──────── Provided entries
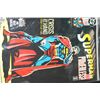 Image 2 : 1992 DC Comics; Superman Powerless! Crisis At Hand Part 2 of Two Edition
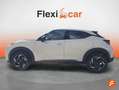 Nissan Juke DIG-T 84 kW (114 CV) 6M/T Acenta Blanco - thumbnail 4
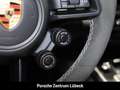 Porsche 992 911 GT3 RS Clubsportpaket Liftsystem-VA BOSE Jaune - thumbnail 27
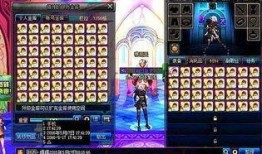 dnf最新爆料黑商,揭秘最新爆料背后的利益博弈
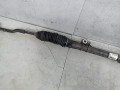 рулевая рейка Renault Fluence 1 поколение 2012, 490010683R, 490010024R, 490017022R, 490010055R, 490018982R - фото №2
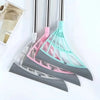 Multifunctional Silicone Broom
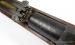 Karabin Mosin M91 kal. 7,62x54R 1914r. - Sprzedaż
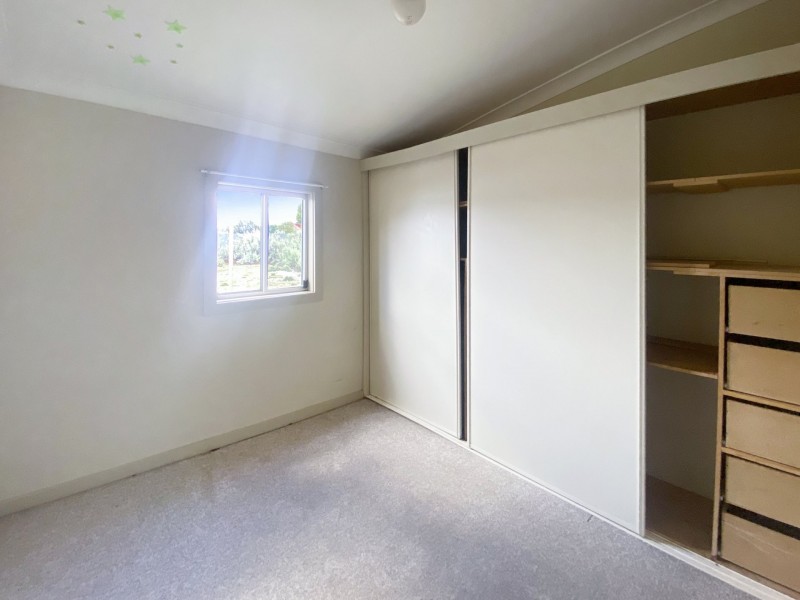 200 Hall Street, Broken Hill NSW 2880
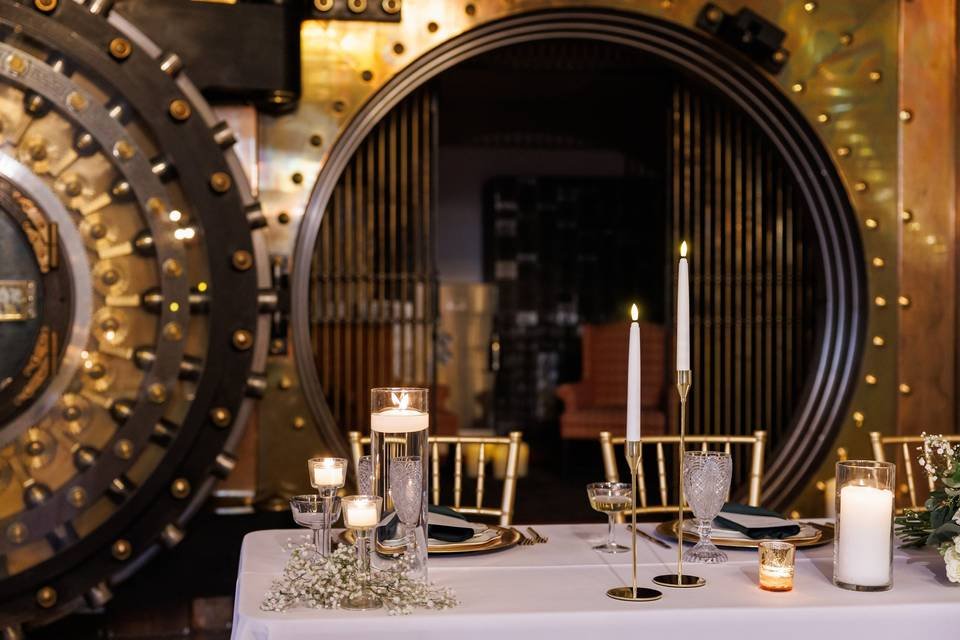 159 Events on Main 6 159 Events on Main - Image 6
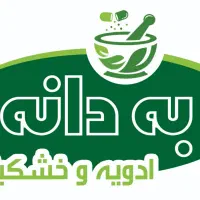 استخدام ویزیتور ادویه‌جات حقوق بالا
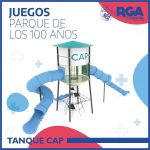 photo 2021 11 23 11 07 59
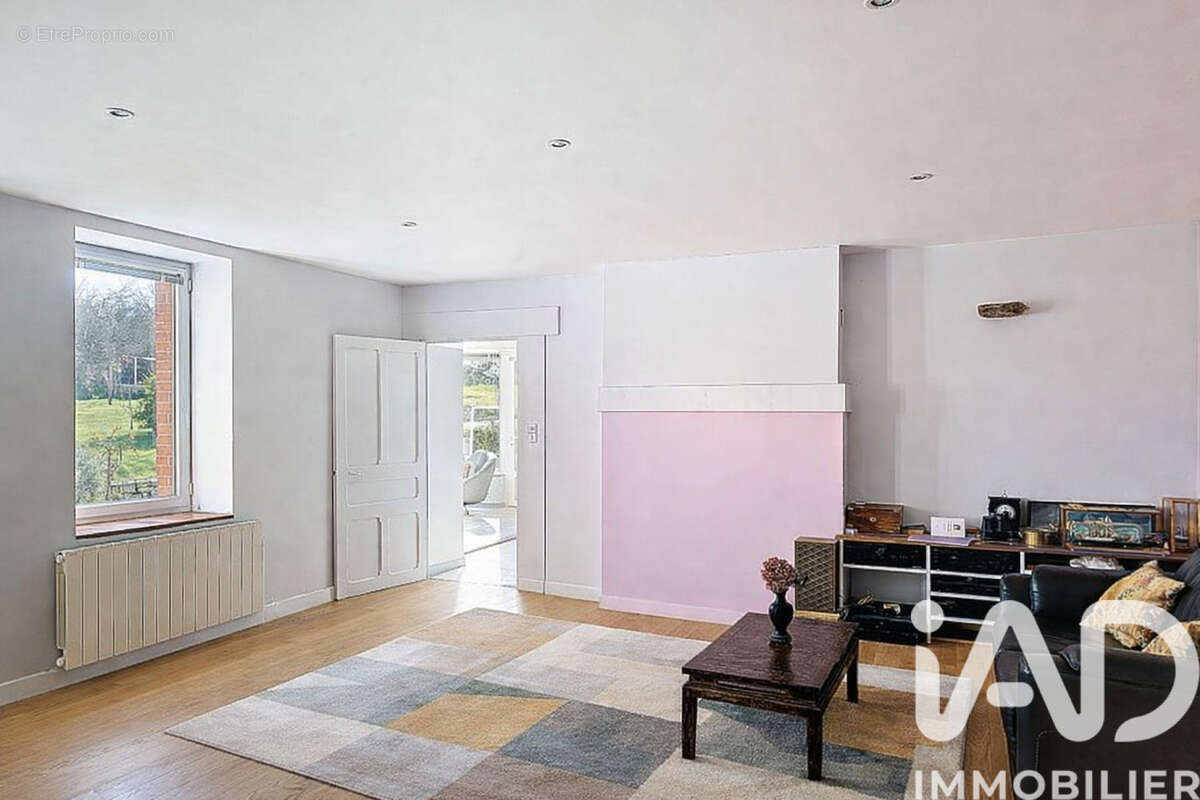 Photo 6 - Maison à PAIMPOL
────────────────
• What to do: Copy exactly the lines from the line containing "рулевая рейка Renault" through the last line of the records, both included, and omit every picture.

• Expected output:
 рулевая рейка Renault Fluence 1 поколение 2012, 490010683R, 490010024R, 490017022R, 490010055R, 490018982R - фото №2
 Multifunctional Silicone Broom
 Karabin Mosin M91 kal. 7,62x54R 1914r. - Sprzedaż
 200 Hall Street, Broken Hill NSW 2880
 159 Events on Main 6 159 Events on Main - Image 6
 استخدام ویزیتور ادویه‌جات حقوق بالا
 photo 2021 11 23 11 07 59
 Photo 6 - Maison à PAIMPOL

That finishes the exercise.